**PROVIDED INFORMATION**
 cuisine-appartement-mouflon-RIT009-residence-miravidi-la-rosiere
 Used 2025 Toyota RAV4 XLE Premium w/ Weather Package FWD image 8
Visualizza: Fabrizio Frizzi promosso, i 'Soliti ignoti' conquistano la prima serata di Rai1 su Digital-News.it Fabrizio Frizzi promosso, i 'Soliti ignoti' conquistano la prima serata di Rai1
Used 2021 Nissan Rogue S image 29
--
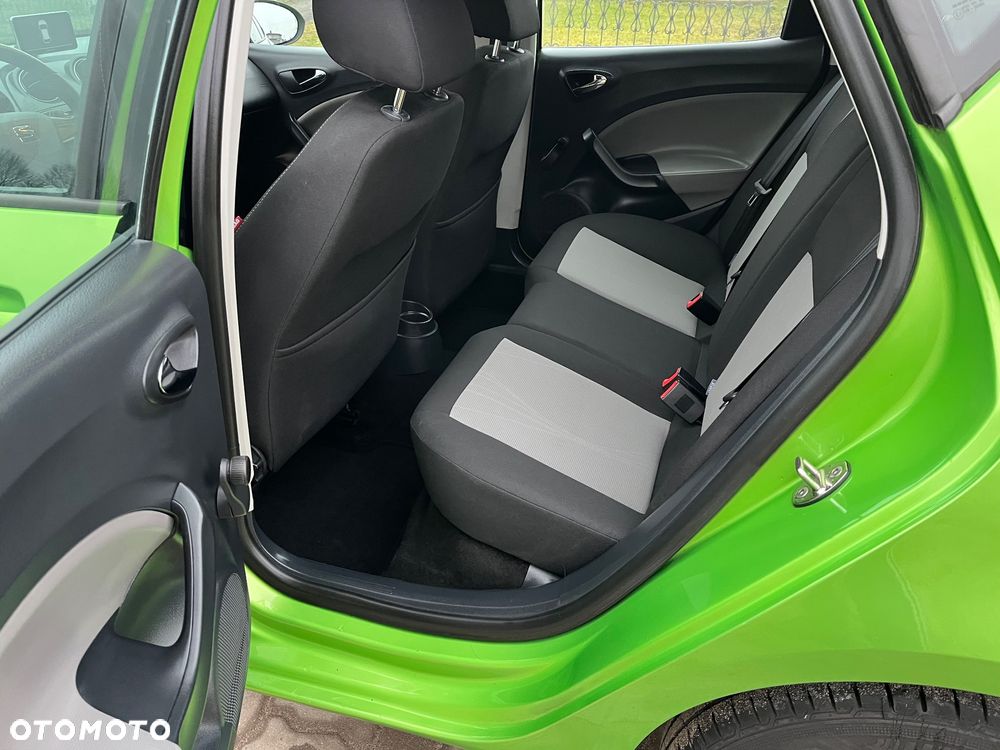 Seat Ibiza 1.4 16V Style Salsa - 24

**DIRECTIONS FOR THIS TASK**
Check the listing for the word "Used". Show each line that has it.

**EXERCISE RESPONSE**
 Used 2025 Toyota RAV4 XLE Premium w/ Weather Package FWD image 8
Used 2021 Nissan Rogue S image 29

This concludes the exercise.